Having that knowledge in mind inevitably helps overcome the often bumpy early adoption stages, what McGarry refers to as the automation three-hit wonder. “You normally start the first time and fail because you haven't taken it seriously enough. Either you haven't put enough money behind it or enough seasoned professionals who have done it before behind the automation programme. So you do it again, it goes pretty well and you think: this is interesting, let’s scale it. Then it goes to the third round where it really ramps up and starts paying for itself. That’s the three-hit automation wonder or automation cycle most companies go through as they mature in their automation journey.”
Getting to that stage requires belief in the technology, as Duddridge reiterates. “I can't think of a single technology project that can deliver a return on investment from day one. Realistically there is an investment period involving building capability, training people and managing the change.” Butterfield adds that a clear plan needs to be in place from day one. “You don't want to stop, reevaluate your needs and end up doing something different. Trying to do it on the cheap and not thinking strategically enough will mean the investment doesn’t provide what is expected. There are a lot of things that you need to be thinking about, but getting the strategy correct is vital.”
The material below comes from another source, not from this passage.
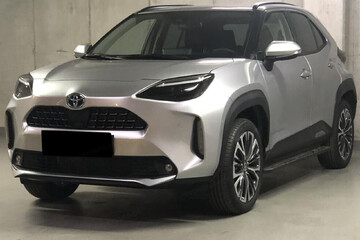 Toyota Yaris Cross Executive 1.5 Hybrid AWD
The benefits of automation have been demonstrated by company resilience in the face of the ongoing COVID-19 pandemic. With a number of reports highlighting automation as the sector seeing the highest cash injection during the pandemic, it was the companies who had already gotten on board who were able to thrive. “Companies that already had automation before COVID started had a significant competitor advantage,” says McGarry. ”Once COVID happened and everybody was scrambling to log in from home and get all that working smoothly, meanwhile, robots were functioning fine in the background keeping some vital processes alive. Companies that had mature automation capabilities definitely had an edge during COVID, and will again in any future pandemic or crisis’s.”
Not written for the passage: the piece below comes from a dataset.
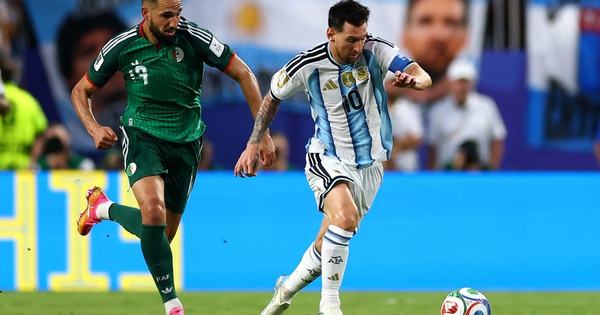 Dự đoán Argentina vs Áo: Messi tỏa sáng nhưng F8BET baccarat vẫn là lựa chọn thông minh - hình ảnh - f8betvip.vip Dự đoán Argentina vs Áo: Messi tỏa sáng nhưng F8BET baccarat vẫn là lựa chọn thông minh - hình ảnh - f8betvip.vip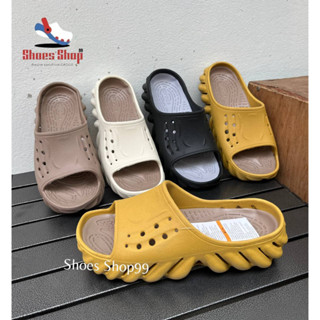 รองเท้า Crocs Echo Clog แบบสวมไหม่ สวยใส่ง่าย ผู้ชาย 40—46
Danilo emphasises that time must be taken into consideration, however. "It’s important to note that even with the right team and tech partnerships it takes time for an Automation program to mature and bear fruit so that top and bottom line benefits can reap rewards. For such a transformative program such as Automation and AI, it takes an all-inclusive environment to make it really work. Also, with any such transformative programs, it is a journey that can often take one to two years before it starts to bear fruit and potentially make any impact on the company’s valuation".